Verteilung von Unternehmensanteilen

Hallo,

ich habe eine Frage zur Bewertung von Internetprojekten und Durchschnittswerten zu Unternehmensanteilen, wenn man einen neuen Gesellschafter mit aufnimmt.

Kurz zu meinem Projekt: Ich habe zusammen mit einem Freelancer eine Internetplattform entwickelt mit der ich jetzt online gehen möchte. Ich arbeite an dem Projekt nebenberuflich etwa 1-2 Jahre und habe rund 20 Tsd. Euro investiert. Die Plattform ist jetzt komplett fertig und startbereit. Das Feedback von Personen, die die Plattform gesehen haben, war durchweg positiv und die meisten sehen ein mehr oder weniger großes Potential. Das Geschäftsmodell basiert auf Gebühren ähnlich wie bei eBay. Die Plattform ist dreisprachig. Ein Business Plan ist vorbereitet genauso wie Marketingmaterial für den Start.

Ich habe das Projekt bislang alleine vorangetrieben und bin daran alleine beteiligt. Ich möchte vor dem Start gerne noch einen weiteren Gesellschafter mit aufnehmen, der den technischen Part verantwortet (Maintenance und Weiterentwicklung), weil mir hier leider die Kenntnisse fehlen und die Zusammenarbeit mit dem Freelancer im Live-Betrieb zahlreiche Probleme mit sich bringt (insbes. Reaktionszeiten). Ich selber möchte mich auf die Bereiche Marketing, Vertrieb, Kooperationen, Finanzen und Support konzentrieren.
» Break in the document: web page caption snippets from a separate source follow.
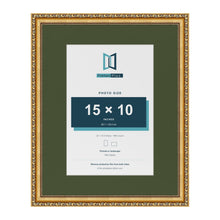 Louis Gold 20 x 16 inch picture frame with a green mount for a 15 x 10 inch photo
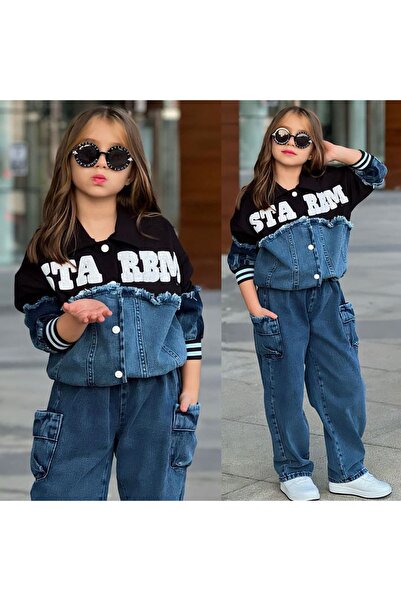 Bisahane Girl's Starbm Jeans Embroidered Set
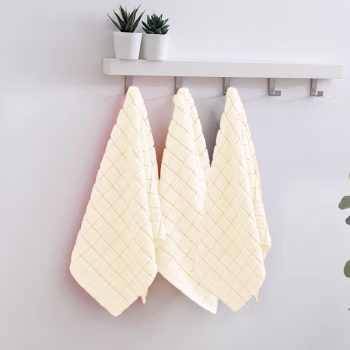 名都丽人 MDLR-MJ37 34*74cm 方字格 毛巾 (计价单位：条) 浅黄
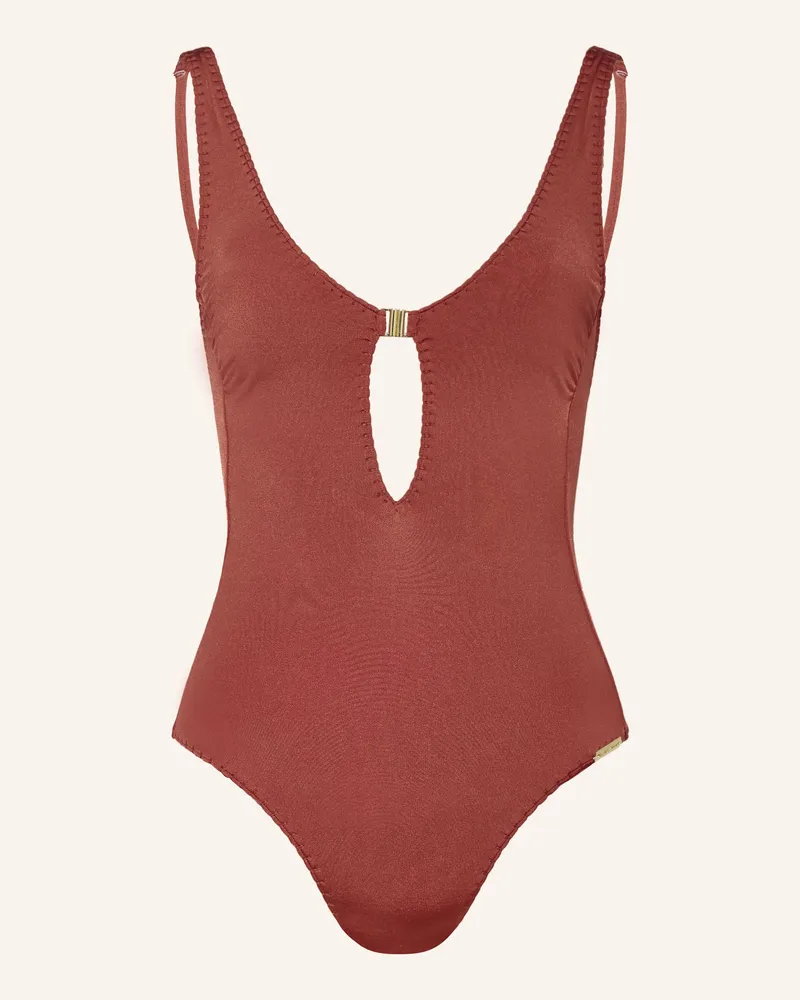 watercult Badeanzug CRAFTED ESSENTIALS mit Cut-out Dunkelrot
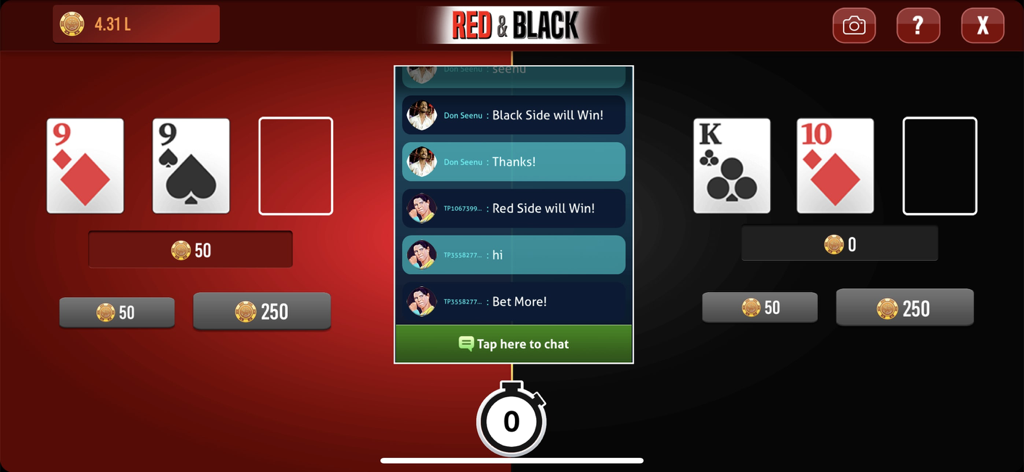 Teen Patti Game - 3Patti Poker - 카드와 라이브 플레이어 채팅이 있는 Teen Patti Poker 앱 내 Red and Black 미니 게임의 인터페이스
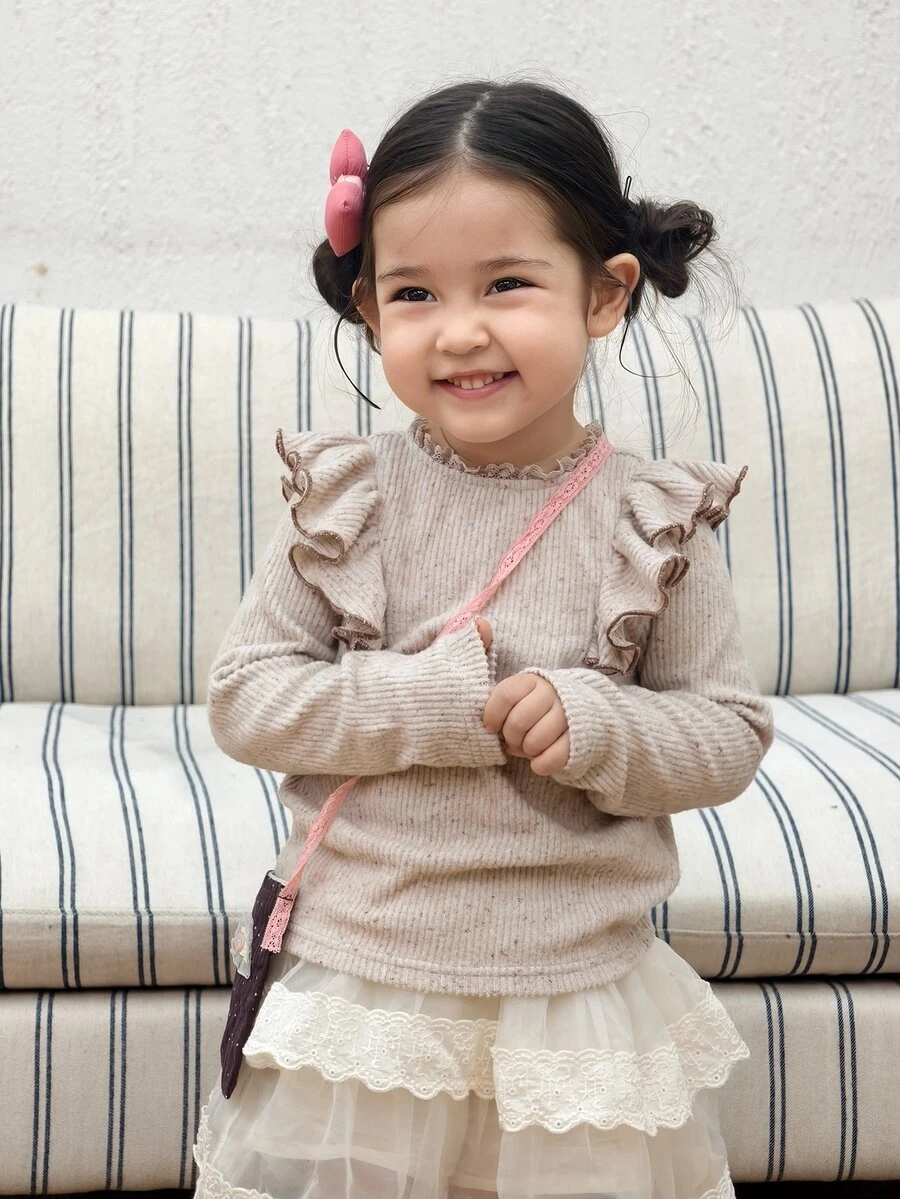 DAZY Infant (Girl) Round Neck Long Sleeve Ruffle Trim Top - Brown - View 1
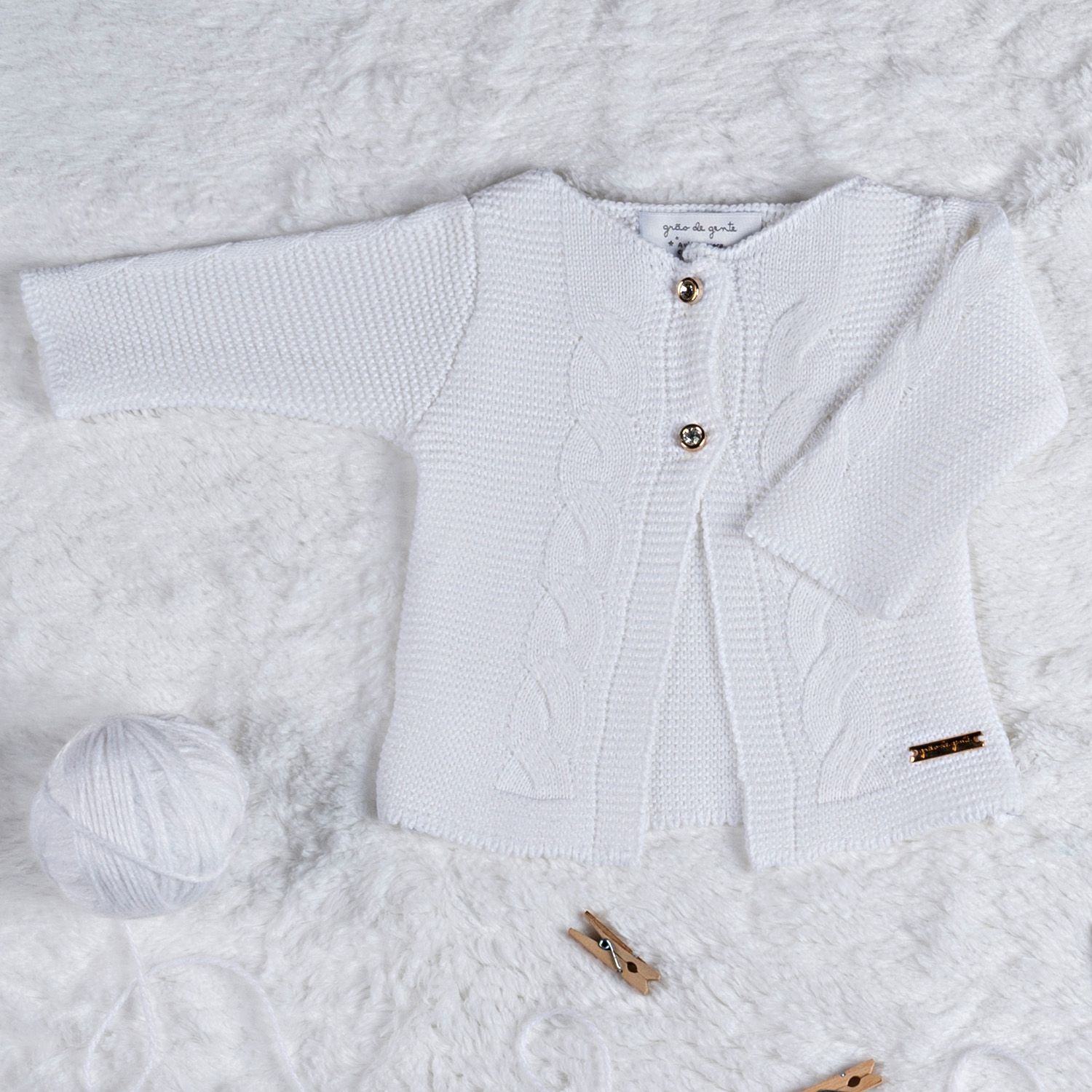 Casaquinho Tricot Trança Clássico Rosa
Meine Frage ist wie in ähnlichen Fällen die Anteile verteilt werden und zu welchen Konditionen ein neuer Gesellschafter mit aufgenommen werden sollte. Ich habe ja schon sehr viel Vorarbeit geleistet. Gibt es hierbei irgendwelche Erfahrungswerte? Ich möchte nicht zu sehr auf mein Projekt eingehen, sondern mich interessiert eher wie es in anderen (evtl. auch branchenfremden) Fällen gelöst wird.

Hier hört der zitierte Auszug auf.